Parameter of interest: proportion of all Americans who have good intuition about experimental design. \[p \longrightarrow \text{a population proportion}\]
Point estimate: proportion of sampled Americans who have good intuition about experimental design. \[\hat{p} \longrightarrow \text{a sample proportion}\]

Inference on a Proportion

What percent of all Americans have good intuition about experimental design, i.e. would answer “500 get the drug 500 don’t”?

We can answer this research question using a confidence interval, which we know is always of the form \[\text{point estimate} \pm z^{\star} \times \text{SE}.\]

Standard error (SE) of a sample proportion \[SE_{\hat{p}} = \sqrt{\frac{p(1-p)}{n}}.\]

Central Limit Theorem for Proportions

Sample proportions will be nearly normally distributed with mean equal to the population mean, \(p\), and standard error equal to \(\sqrt{\frac{p(1-p)}{n}}\).

This is true only under certain conditions:

independent observations, at least 10 successes and 10 failures

Note:

If \(p\) is unknown (most cases), we use \(\hat{p}\) in the calculation of the standard error.

Case Study I: Infering the True Proportion

The GSS found that 571 out of 670 (85%) of Americans answered the question on experimental design correctly. Estimate (using a 95% confidence interval) the proportion of all Americans who have good intuition about experimental design?

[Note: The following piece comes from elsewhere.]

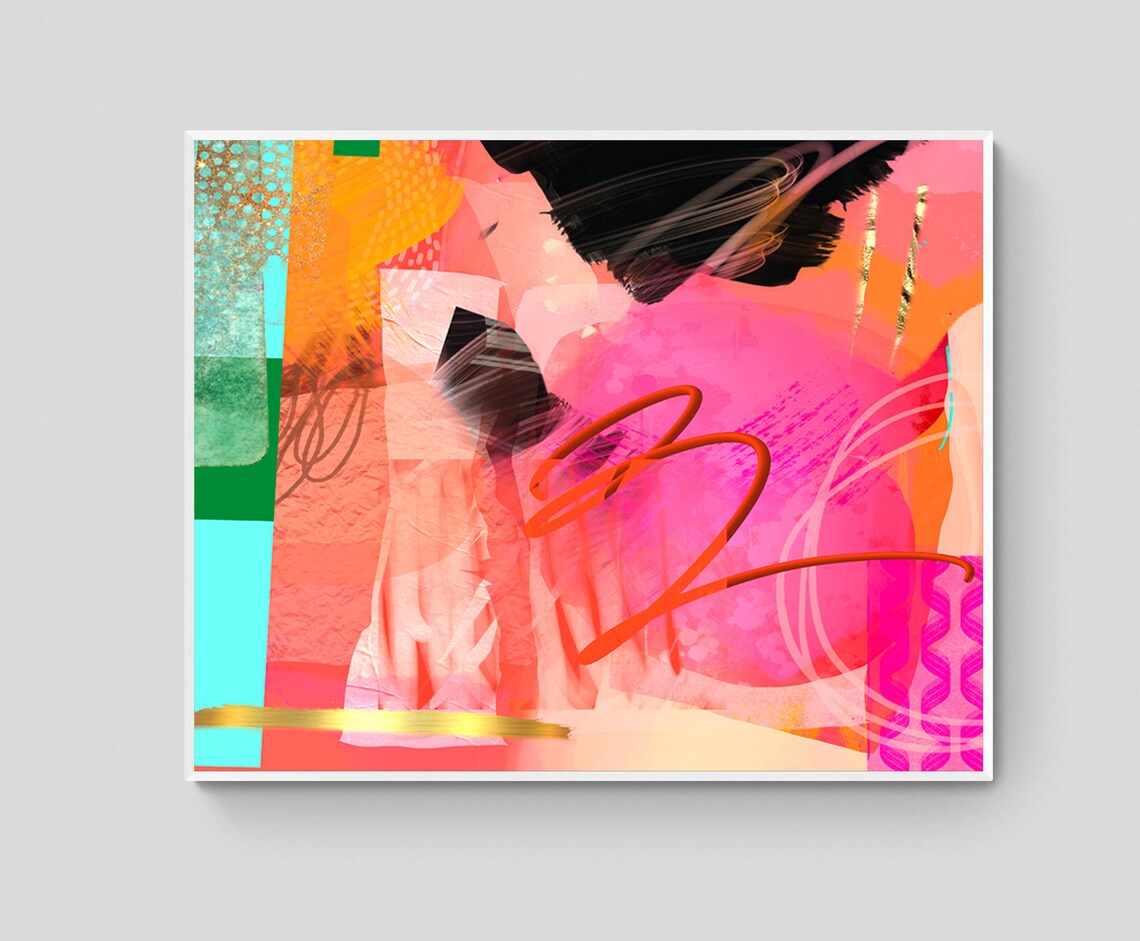 Abstract Art Painting Green Orange Pink Instant Wall Art Modern Wall Decor - Image 5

Given: \(n = 670\), \(\hat{p} = 0.85\). First check conditions.

Independence: The sample is random, and \(670\) which is less than \(10%\) of all Americans, therefore we can assume that one respondent’s response is independent of another.
Success-failure: 571 people answered correctly (successes) and 99 answered incorrectly (failures), both are greater than 10.

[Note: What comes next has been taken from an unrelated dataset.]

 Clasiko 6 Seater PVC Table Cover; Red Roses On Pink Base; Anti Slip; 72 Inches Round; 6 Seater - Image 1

Case Study I: Confidence Interval

We are given that \(n = 670\), \(\hat{p} = 0.85\), we also just learned that the standard error of the sample proportion is \[SE_{\hat{p}} = \sqrt{\frac{p(1-p)}{n}}.\]

Which of the below is the correct calculation of the 95% confidence interval?

\(0.85 \pm 1.65 \times \sqrt{\frac{0.85 \times 0.15}{670}}\)
\(0.85 \pm 1.96 \times \sqrt{\frac{0.85 \times 0.15}{670}}\)
\(0.85 \pm 1.96 \times \frac{0.85 \times 0.15}{\sqrt{670}}\)
\(571 \pm 1.96 \times \sqrt{\frac{571 \times 99}{670}}\)

\(\star\) Answer: \(0.85 \pm 1.96 \times \sqrt{\frac{0.85 \times 0.15}{670}} \longrightarrow (0.82,0.88)\)

Case Study I: Choosing a sample size

Previously, for \(n=670\) the margin of error is \(1.96 \times \sqrt{\frac{0.85 \times 0.15}{670}} \approx 0.027\).

How many people should you sample in order to cut the margin of error of a 95% confidence interval down to 0.01?

\[z^{\star} \times SE_{\hat{p}}\]

\[ \begin{aligned} 1.96 \times \sqrt{\frac{0.85 \times 0.15}{n}} & \le 0.01 \\ 1.96^2 \times \frac{0.85 \times 0.15}{n} & \le 0.01^2 \\ n & \ge \frac{1.96^2 \times 0.85 \times 0.15}{0.01^2} \\ n & \ge 4898.04 \end{aligned} \]

\(\star\) The sample size should be at least 4,899 to have a 0.01 margin of error for 95% confidence interval.

Activity: Determine Confidence Intervals of One Proportion

Make sure you have a copy of the M 3/17 Worksheet. This will be handed out physically and it is also digitally available on Moodle.
Work on your worksheet by yourself for 10 minutes. Please read the instructions carefully. Ask questions if anything need clarifications.
Get together with another student.
Discuss your results.
Submit your worksheet on Moodle as a .pdf file.